That's a bilious response to _"He did a good job of promoting himself through
controversy."_ People like me? I made a neutral statement (even if it's
incorrect), not anything malicious like "Zed's a loser because of X." This
reminds me of the last time you thought I was attacking your character after a
similarly neutral comment: <http://news.ycombinator.com/item?id=1292335>

Several months ago, you had a similar response on Twitter that involved a
"quit talking smack or let's meet up and 'sort it out' in person" response
after I made a casual quip in response to your then-latest rant. I e-mailed
you an apology as a gesture of good will, to which I got no response.

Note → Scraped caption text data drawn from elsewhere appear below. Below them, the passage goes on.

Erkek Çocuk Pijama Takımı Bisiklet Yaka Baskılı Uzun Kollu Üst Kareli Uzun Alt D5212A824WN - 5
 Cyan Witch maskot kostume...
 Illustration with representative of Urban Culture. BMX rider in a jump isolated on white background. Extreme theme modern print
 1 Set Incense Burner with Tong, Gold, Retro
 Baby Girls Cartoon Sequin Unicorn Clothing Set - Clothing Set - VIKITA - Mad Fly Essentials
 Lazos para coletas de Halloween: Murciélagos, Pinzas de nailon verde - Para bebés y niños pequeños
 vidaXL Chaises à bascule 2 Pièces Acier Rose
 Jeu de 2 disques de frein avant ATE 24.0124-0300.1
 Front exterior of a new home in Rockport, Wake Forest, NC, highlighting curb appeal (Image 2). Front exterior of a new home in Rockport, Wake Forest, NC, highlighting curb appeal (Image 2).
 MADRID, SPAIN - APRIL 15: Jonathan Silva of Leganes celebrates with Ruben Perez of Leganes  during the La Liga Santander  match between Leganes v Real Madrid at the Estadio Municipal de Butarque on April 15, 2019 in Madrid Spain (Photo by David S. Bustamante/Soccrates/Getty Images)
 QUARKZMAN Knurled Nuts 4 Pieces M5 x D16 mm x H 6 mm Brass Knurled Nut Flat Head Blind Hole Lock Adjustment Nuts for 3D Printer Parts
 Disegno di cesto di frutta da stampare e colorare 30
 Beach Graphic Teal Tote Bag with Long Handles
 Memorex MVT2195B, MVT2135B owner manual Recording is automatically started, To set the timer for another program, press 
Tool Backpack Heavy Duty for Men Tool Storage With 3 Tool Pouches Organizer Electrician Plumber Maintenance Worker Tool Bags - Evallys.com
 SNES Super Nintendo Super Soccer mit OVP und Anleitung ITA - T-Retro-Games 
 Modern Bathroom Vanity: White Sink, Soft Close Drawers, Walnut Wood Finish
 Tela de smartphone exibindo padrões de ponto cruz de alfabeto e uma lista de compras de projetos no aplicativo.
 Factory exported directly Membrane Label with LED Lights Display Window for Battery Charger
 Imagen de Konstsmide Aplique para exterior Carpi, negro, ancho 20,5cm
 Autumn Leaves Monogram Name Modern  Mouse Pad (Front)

You appear to interpret neutral comments as attacks or passive aggression.
They aren't - at least from me. Or perhaps you're having the same back and
forth with 1001 other people, I don't know :-)

Are these reactions because a page on my site ranks #4 for your name on Google
and is packed with negative _third-party_ comments about you?
[http://www.rubyinside.com/zed-shaw-goes-nuclear-on-our-
commu...](http://www.rubyinside.com/zed-shaw-goes-nuclear-on-our-
community-683.html) .. You've mentioned online comments affecting your job
prospects before, so it's just a wild guess. If it is, I'll delete the
negative comments and change the headline or something, because these
responses are worrying and sure, I'd rather focus on the cool things you're up
to than have this old "stuff" bubble up every few months.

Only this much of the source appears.